Leaving Mormonism at age 21, after ten happy years, was a devastating, emotionally-draining experience. I wanted to keep writing but the idea of writing religious materials never entered my mind. I enjoyed a small group Bible study with some other women, and when the author of one of the books we used, Joyce Landorf, came to my hometown I wanted to go to the bookstore where she was signing books, just to tell her how much I appreciated her books.

In a way that could only be described as extraordinary, the packed bookstore suddenly emptied out, leaving only me, the bookstore owner, and the author. I was so bashful and awkward that Joyce began making small talk with me (just to set me at ease, I think), in which it came to light that I had published some magazine articles. I told her that I'd only been out of Mormonism a couple of years and she said, "One of my publishers would love to publish a book by an ex-Mormon!"

I really thought I'd made her uncomfortable and she was just trying politely to get rid of me. But she'd given me her mailing address, so I went home and began writing the book that would become The Mormon Mirage (in longhand, nursing my new baby.) I typed up and sent the first part of it to Joyce, who sent it to Thomas Nelson.

An editor from TN called me with a problem -- if they published the book, they would lose their largest KJV Bible customer: the LDS Church. So in an unprecedented move (in a string of unprecedented events) the head of TN sent it to the head of Zondervan.

And Zondervan published it. Just like that.

Debbie's Story:
I sold the first article I ever submitted to a publisher and never sold another thing for about 16 years. The article was purchased for future publication and the magazine folded before it was published. So I had gotten a taste for writing and I began to write a novel during the nap time at my home day care when my children were young. Eventually, I had a manuscript to take to the Mt. Hermon Writer's Conference, where it received good reviews, but the market was saturated for that genre and I put it away in a drawer.
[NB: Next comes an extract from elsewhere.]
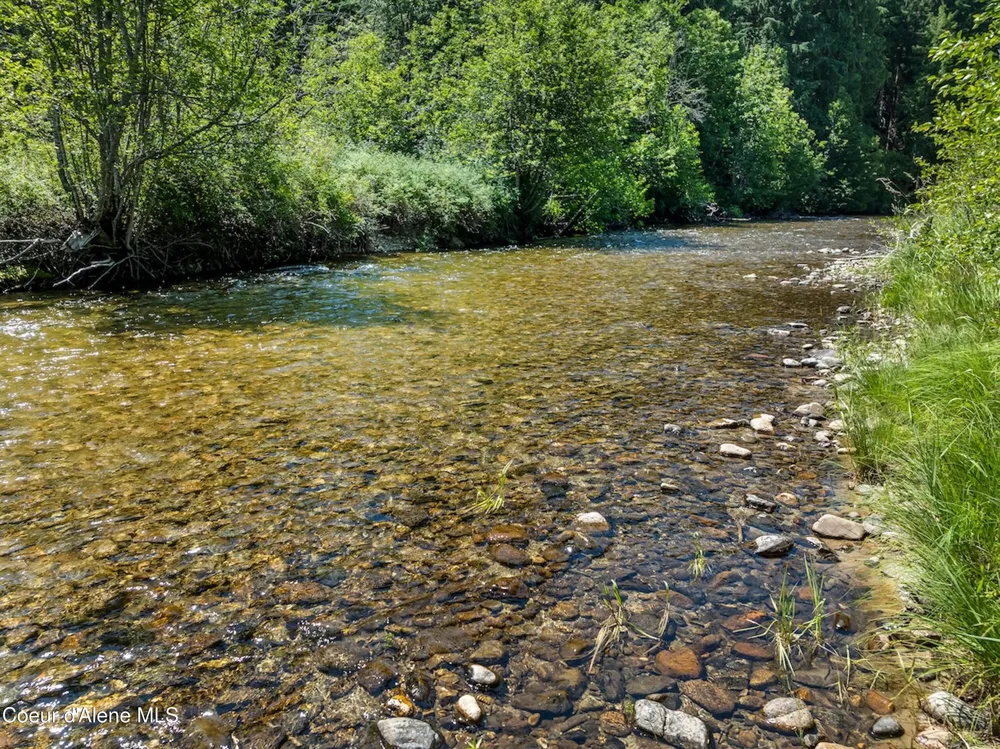 316 Granite Creek Rd Nordman, ID 83848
After breast cancer treatments, I 'sold' my personal experience story to Coping With Cancer magazine for copies, and finally saw a byline! I sold a few more articles and personal experience stories (Chicken Soup for the Bride's Soul) for real money because I enjoyed the structure of articles and having a finished product. On the day of my last radiation treatment, my family waited in our packed car to go to Disneyland, and on that road trip I began writing Tuesday Night at the Blue Moon, which helped to land an agent and a publisher. It was published in June 2008. I will add that I work full-time and it's been a wild ride, but it's a life I feel called to.
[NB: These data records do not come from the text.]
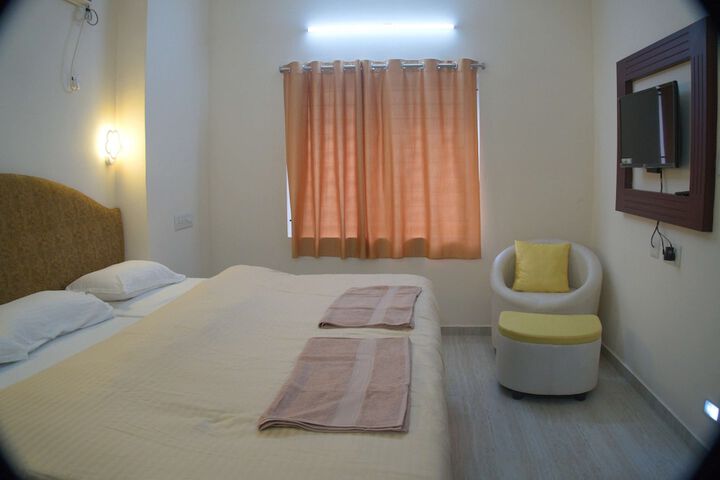 Room 5 of 16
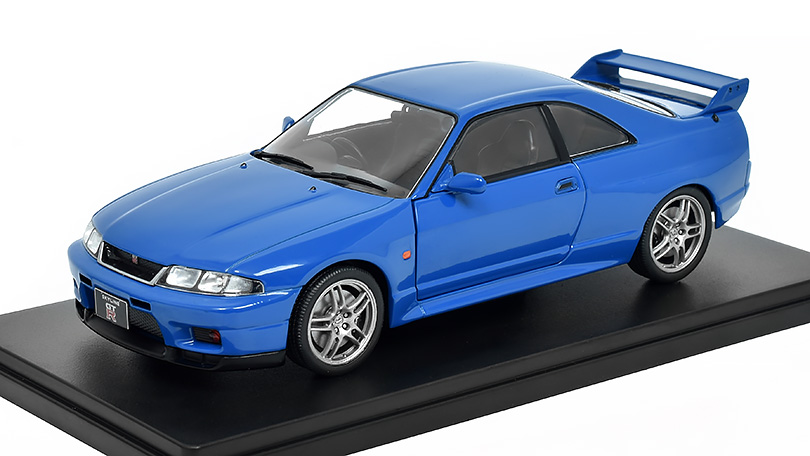 Nissan Skyline GT-R (R33) modrý 1:24 - WhiteBox  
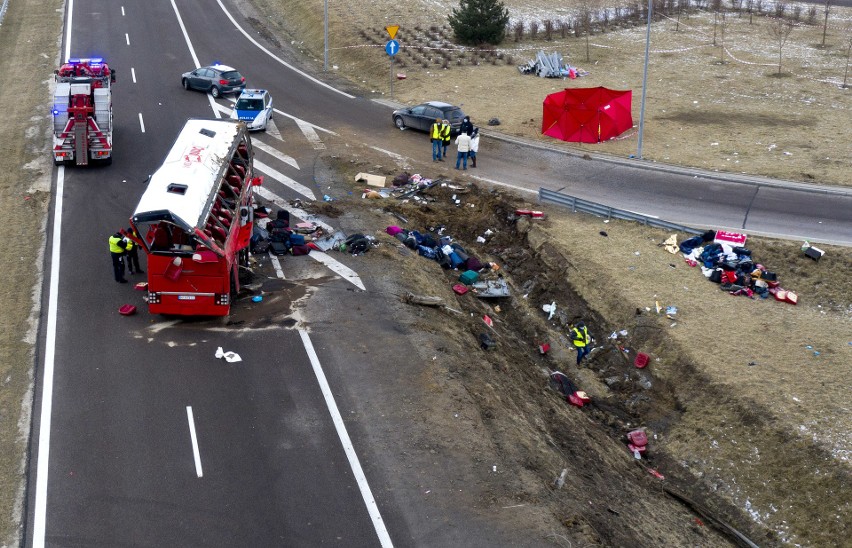 Wypadek ukraińskiego autokaru na autostradzie A4 koło Przemyśla. Zginęło 5 osób, a 39 zostało rannych [ZDJĘCIA]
A footnote to this post about the current state of Christian publishing: Allow us to point you to this insightful article from the people at Publishers Weekly regarding the various publishers and what they are currently able to sell in this tightening market.

20 comments:

Susan Storm Smith said...

Thanks ladies for the encouragement to continue through reading about your roads to publication

Patti Hill said...

I really should give credit to three people who helped me say yes to God's calling: my husband who thinks I can do anything. I don't know where he got this idea, but it's contagious. Write a book? No problem! [Insert roll of eyes here.] No surprise here, I have to thank my mom. She paid my way to a Learn How to Write Great Fiction class taught right here in my lil' home town. This is nagging put in overdrive, but she wasn't afraid to shove me towards God's will. Thanks, Mom! And certainly not finally, because all writers rely on the talents of others to learn, stay focused, and motivated. Lastly, my heartfelt thanks to Lauraine Snelling for teaching that class. She gave me what no other writing teaching could...a place to start. All I needed was a huge notebook and about 3 million dividers! Thanks to Lauraine, too!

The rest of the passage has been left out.